Stored data:
========

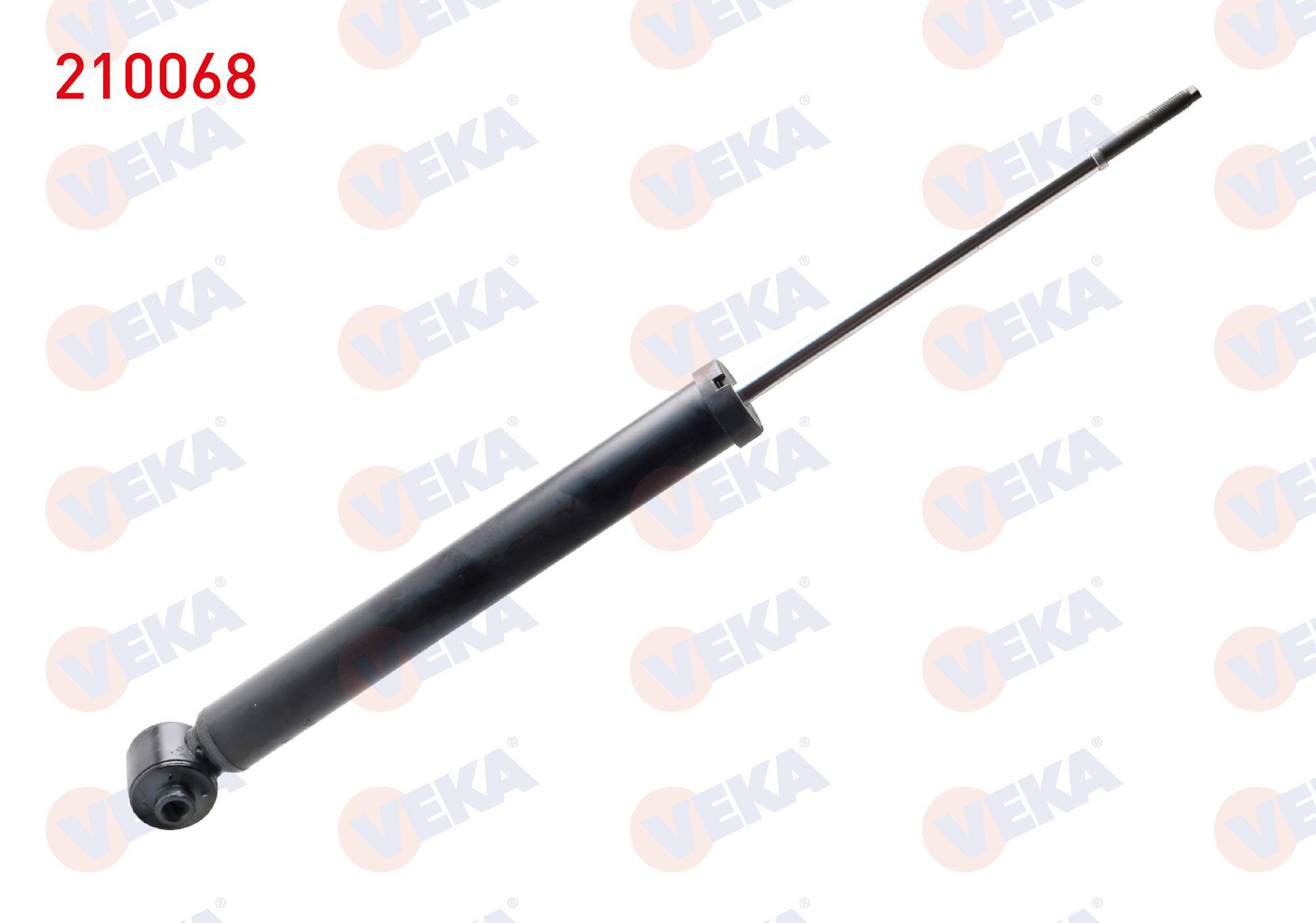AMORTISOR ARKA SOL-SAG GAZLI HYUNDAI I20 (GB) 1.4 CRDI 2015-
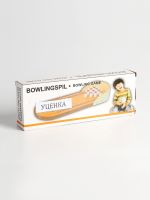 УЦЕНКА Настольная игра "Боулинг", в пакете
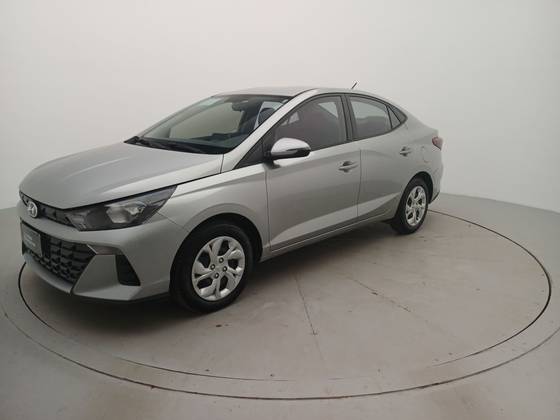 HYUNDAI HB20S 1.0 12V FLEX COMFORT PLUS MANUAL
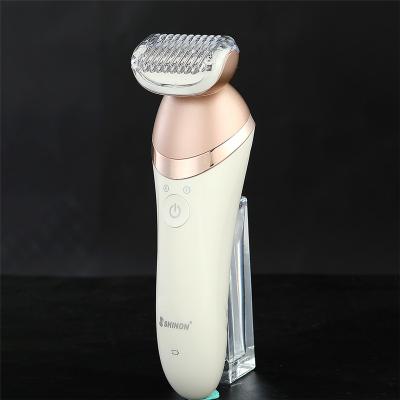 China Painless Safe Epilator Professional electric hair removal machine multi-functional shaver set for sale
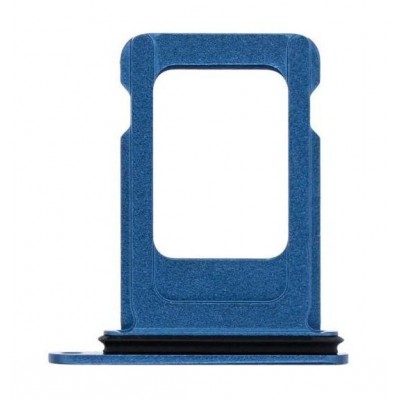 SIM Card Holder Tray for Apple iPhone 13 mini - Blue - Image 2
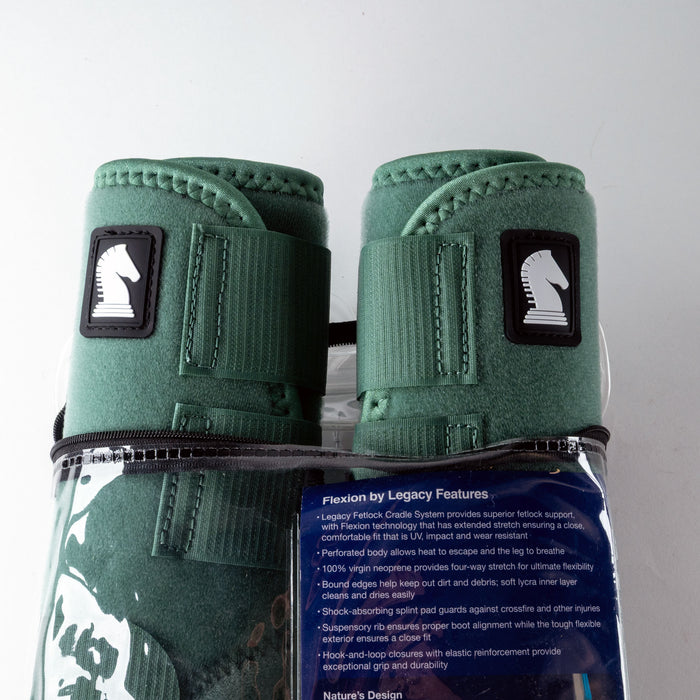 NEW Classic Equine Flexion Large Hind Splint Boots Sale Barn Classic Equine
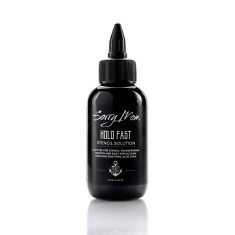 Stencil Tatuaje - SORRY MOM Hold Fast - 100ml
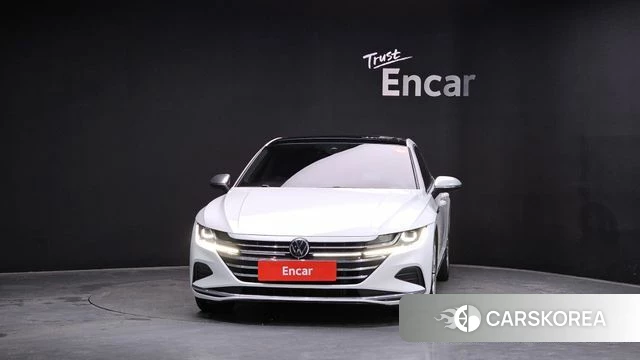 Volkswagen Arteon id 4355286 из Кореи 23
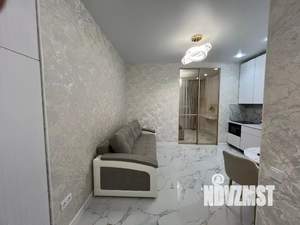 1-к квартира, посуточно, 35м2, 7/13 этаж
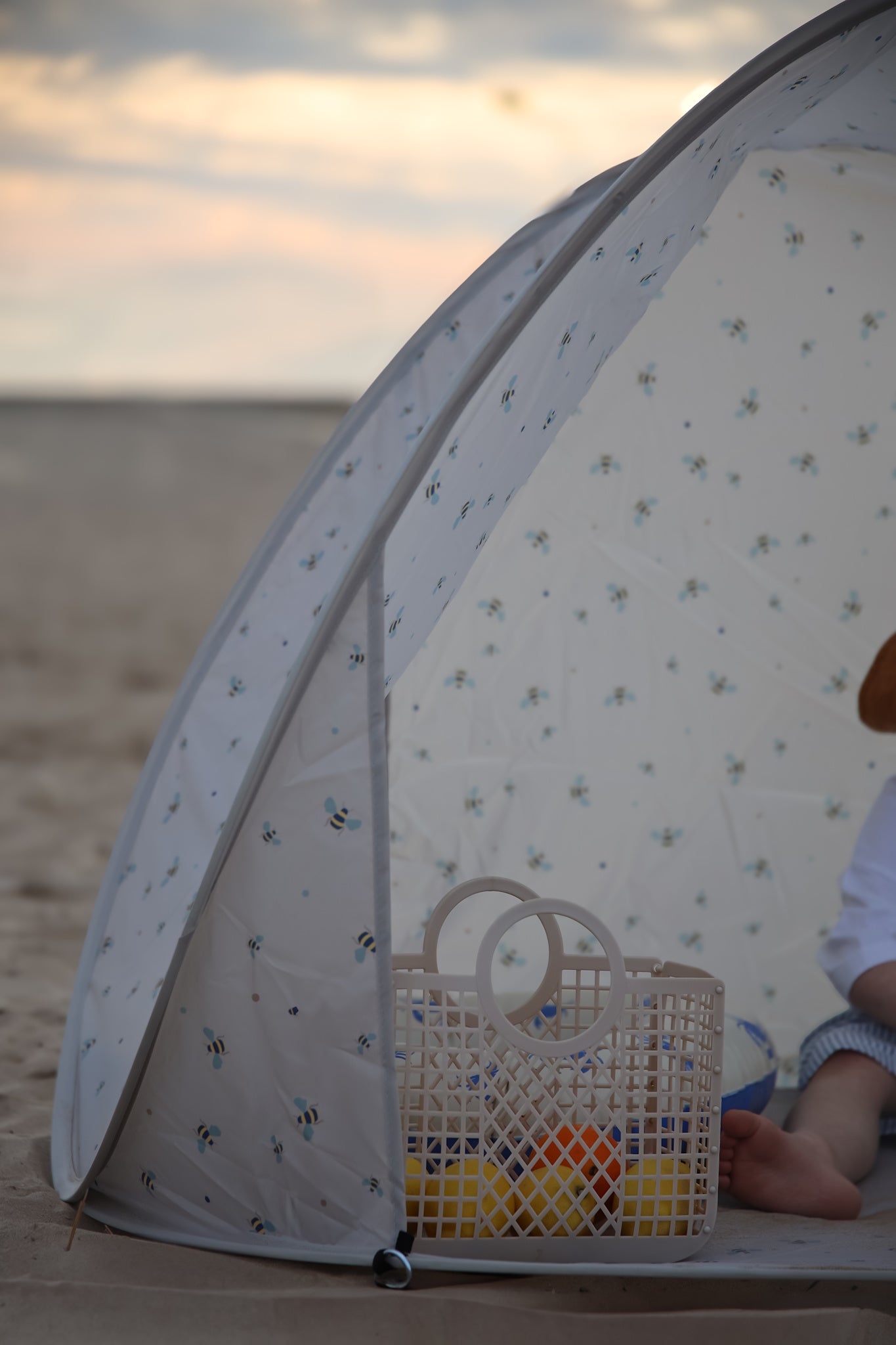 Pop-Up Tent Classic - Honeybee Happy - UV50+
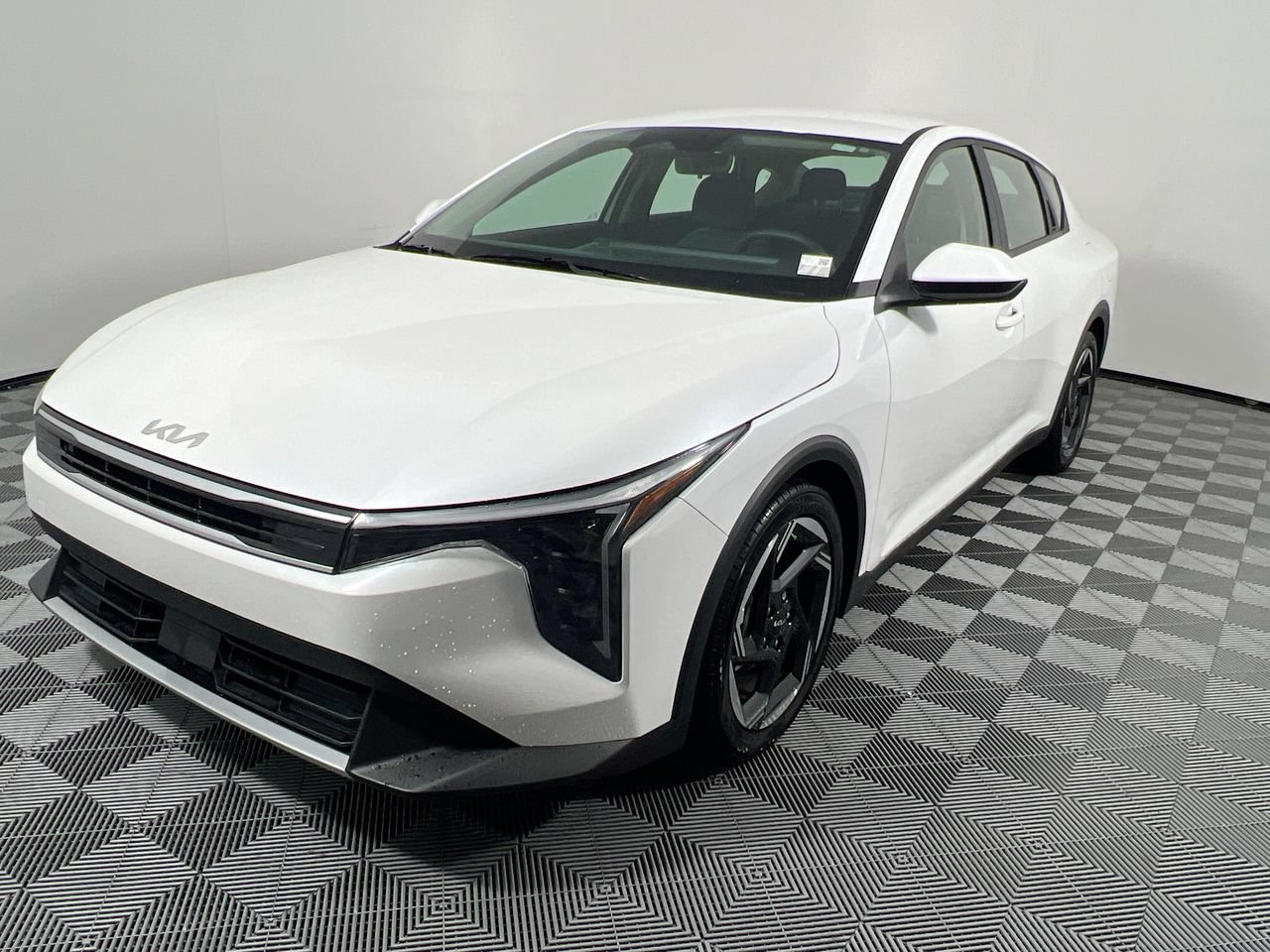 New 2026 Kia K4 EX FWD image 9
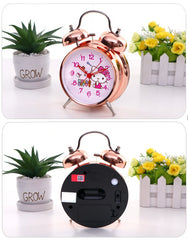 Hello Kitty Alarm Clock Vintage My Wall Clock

========

With the pictures omitted, the entries are to be transcribed in full, exactly as they appear.

AMORTISOR ARKA SOL-SAG GAZLI HYUNDAI I20 (GB) 1.4 CRDI 2015-
 УЦЕНКА Настольная игра "Боулинг", в пакете
 HYUNDAI HB20S 1.0 12V FLEX COMFORT PLUS MANUAL
 China Painless Safe Epilator Professional electric hair removal machine multi-functional shaver set for sale
 SIM Card Holder Tray for Apple iPhone 13 mini - Blue - Image 2
 NEW Classic Equine Flexion Large Hind Splint Boots Sale Barn Classic Equine
 Stencil Tatuaje - SORRY MOM Hold Fast - 100ml
 Volkswagen Arteon id 4355286 из Кореи 23
 1-к квартира, посуточно, 35м2, 7/13 этаж
 Pop-Up Tent Classic - Honeybee Happy - UV50+
 New 2026 Kia K4 EX FWD image 9
 Hello Kitty Alarm Clock Vintage My Wall Clock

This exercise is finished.